Lebak, Jurnalkota.co.id
Gerakan Moral Penyelamat Anggaran Rakyat (GAMPAR) berencana menggelar aksi unjuk rasa di Kantor Inspektorat Kabupaten Lebak dan Kantor Kejaksaan Negeri (Kejari) Lebak, Senin (29/6/2026). Aksi tersebut dilakukan untuk menyampaikan aspirasi masyarakat terkait penanganan dugaan penyimpangan dalam proses transformasi Unit Pengelola Kegiatan (UPK) eks Program Nasional Pemberdayaan Masyarakat (PNPM) Mandiri menjadi Badan Usaha Milik Desa Bersama (BUMDesma).
Koordinator aksi GAMPAR, Yudistira, mengatakan unjuk rasa merupakan bentuk kontrol sosial masyarakat agar setiap laporan dugaan pelanggaran ditangani secara profesional, transparan, dan sesuai ketentuan hukum yang berlaku.
Menurut dia, GAMPAR mengapresiasi langkah Kejaksaan Negeri Lebak yang telah menangani sejumlah perkara terkait pengelolaan UPK. Namun, organisasi tersebut berharap seluruh laporan masyarakat yang memenuhi unsur hukum juga mendapat penanganan secara objektif sehingga tidak menimbulkan persepsi adanya perlakuan berbeda dalam proses penegakan hukum.

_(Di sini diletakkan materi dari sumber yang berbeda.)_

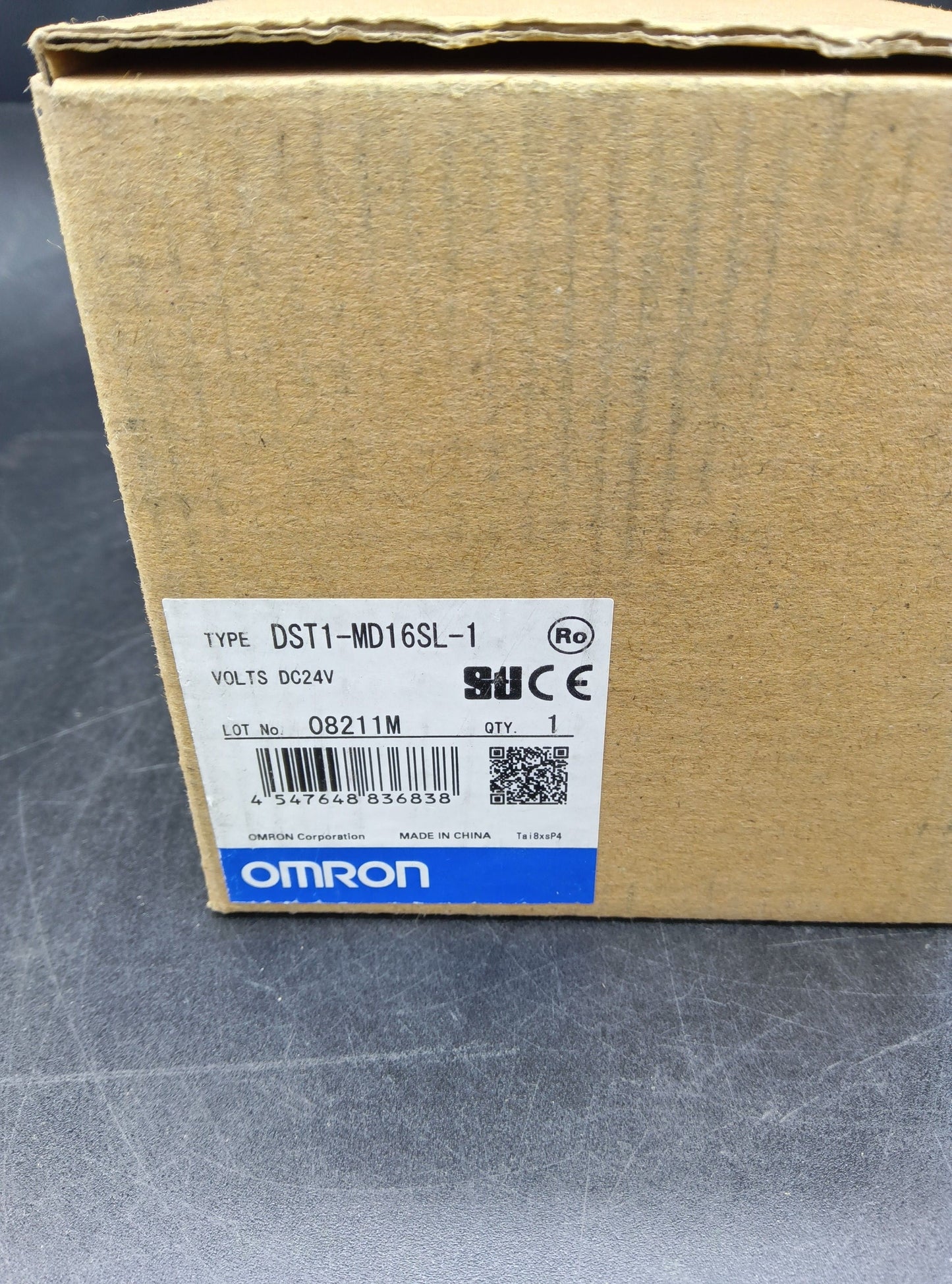 OMRON  DST1-MD16SL-1  Safety Terminal DST1 series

“Kami mengapresiasi langkah Kejari yang telah memproses sejumlah perkara. Namun masyarakat juga berharap seluruh laporan yang memenuhi unsur hukum dapat ditindaklanjuti secara objektif sehingga tidak muncul anggapan adanya perlakuan berbeda dalam penegakan hukum,” kata Yudistira kepada wartawan, Minggu (28/6/2026).
Yudistira mengungkapkan, berdasarkan penelusuran yang dilakukan bersama sejumlah aktivis, masih terdapat dugaan persoalan administrasi maupun tata kelola pada sejumlah UPK yang telah bertransformasi menjadi BUMDesma.

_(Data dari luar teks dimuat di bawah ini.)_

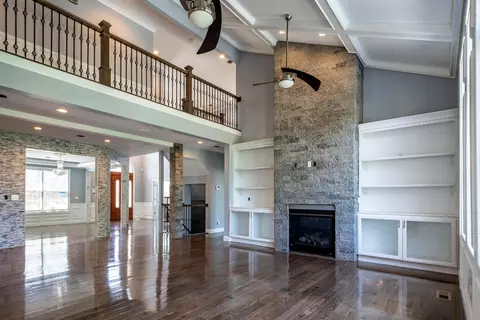 Living - 9812 Beech Dr, Cincinnati, OH 45231 photo 6 of 10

Meski demikian, ia menegaskan dugaan tersebut perlu dibuktikan melalui proses pemeriksaan oleh lembaga yang memiliki kewenangan sesuai mekanisme hukum yang berlaku.

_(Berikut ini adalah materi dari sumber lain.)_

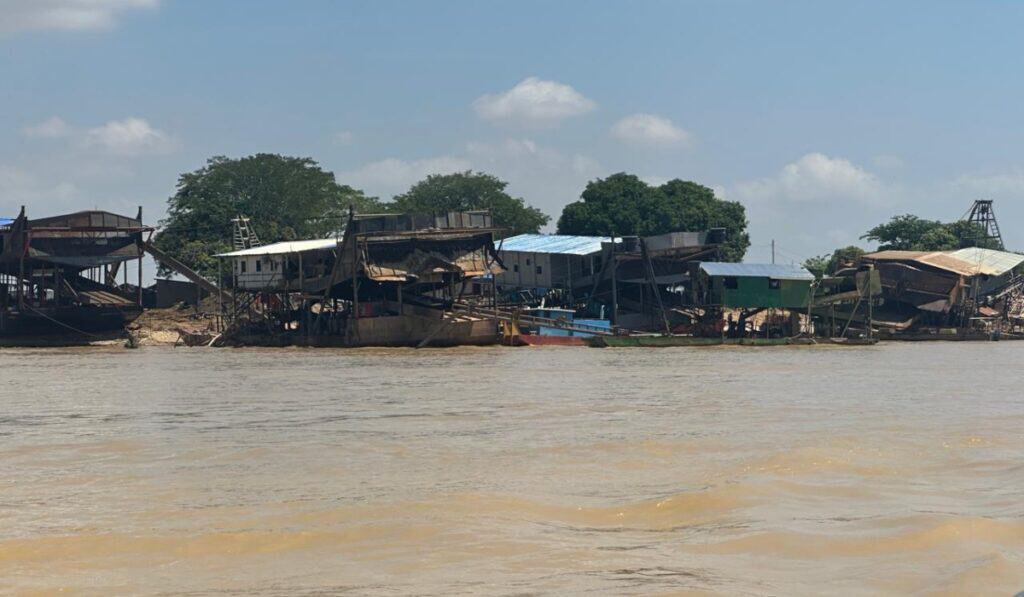 La minería ilegal arrasa el Bajo Cauca antioqueño: su economía es hasta 10 veces mayor que la del mercado formal Imagen: Dragas para la extracción ilícita de oro. Imagen: Valora Analitik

Sementara itu, Ketua Abdi Gema Perak (AGP), Uci Marpausi, menilai proses transformasi UPK menjadi BUMDesma perlu dievaluasi secara menyeluruh. Menurutnya, aspek pembinaan dan pengawasan selama masa transisi perlu menjadi perhatian agar tata kelola kelembagaan berjalan sesuai ketentuan.
“Kami meminta seluruh proses ini dibuka secara transparan. Jika memang ditemukan pelanggaran, maka harus diproses sesuai ketentuan hukum. Sebaliknya, apabila tidak ditemukan pelanggaran, hal itu juga harus disampaikan secara terbuka kepada publik,” ujarnya.
Marpausi menegaskan, aksi yang akan digelar bukan bertujuan menghakimi pihak tertentu, melainkan mendorong terciptanya kepastian hukum serta memperkuat kepercayaan masyarakat terhadap institusi penegak hukum.
Selain meminta Kejaksaan Negeri Lebak menindaklanjuti setiap laporan masyarakat yang memiliki dasar hukum, GAMPAR juga mendesak Inspektorat Kabupaten Lebak untuk melakukan audit dan evaluasi terhadap tata kelola UPK maupun BUMDesma apabila terdapat kewenangan dan indikasi yang perlu ditindaklanjuti.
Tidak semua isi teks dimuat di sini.